[Required work]
Tally the lines of the records below that include the word "Product", and write down only that tally.

[Source records]
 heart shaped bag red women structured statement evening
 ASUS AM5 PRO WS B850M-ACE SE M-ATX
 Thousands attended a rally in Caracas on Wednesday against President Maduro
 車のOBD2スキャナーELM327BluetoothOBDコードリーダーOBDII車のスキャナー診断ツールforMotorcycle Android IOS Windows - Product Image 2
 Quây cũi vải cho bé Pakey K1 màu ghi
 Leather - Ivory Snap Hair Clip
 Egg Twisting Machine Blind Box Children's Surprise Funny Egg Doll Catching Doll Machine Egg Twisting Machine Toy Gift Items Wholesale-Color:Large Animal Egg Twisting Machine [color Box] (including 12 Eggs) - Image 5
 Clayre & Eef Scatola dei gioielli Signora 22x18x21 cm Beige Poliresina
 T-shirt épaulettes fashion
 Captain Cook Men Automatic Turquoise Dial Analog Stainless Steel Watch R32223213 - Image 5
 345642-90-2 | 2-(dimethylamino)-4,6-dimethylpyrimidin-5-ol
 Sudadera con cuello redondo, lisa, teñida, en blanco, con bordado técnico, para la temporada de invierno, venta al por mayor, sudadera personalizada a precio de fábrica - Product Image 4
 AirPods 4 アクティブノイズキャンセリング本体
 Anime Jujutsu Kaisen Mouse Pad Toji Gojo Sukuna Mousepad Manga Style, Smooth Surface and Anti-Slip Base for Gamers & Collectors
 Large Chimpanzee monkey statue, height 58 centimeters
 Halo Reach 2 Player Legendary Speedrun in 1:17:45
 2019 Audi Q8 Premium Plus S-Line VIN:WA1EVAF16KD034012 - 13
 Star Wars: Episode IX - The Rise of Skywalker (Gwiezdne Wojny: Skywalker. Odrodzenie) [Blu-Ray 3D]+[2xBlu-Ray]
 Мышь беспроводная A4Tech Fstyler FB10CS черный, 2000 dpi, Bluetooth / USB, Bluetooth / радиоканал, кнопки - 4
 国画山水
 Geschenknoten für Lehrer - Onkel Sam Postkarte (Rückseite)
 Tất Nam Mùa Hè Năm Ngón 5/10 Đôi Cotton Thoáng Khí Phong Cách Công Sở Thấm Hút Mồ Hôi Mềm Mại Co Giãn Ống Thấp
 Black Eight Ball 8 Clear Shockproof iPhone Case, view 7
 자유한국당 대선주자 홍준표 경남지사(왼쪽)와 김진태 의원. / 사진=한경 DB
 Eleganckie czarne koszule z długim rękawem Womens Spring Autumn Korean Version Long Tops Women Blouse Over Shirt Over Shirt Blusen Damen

[Exercise answer]
2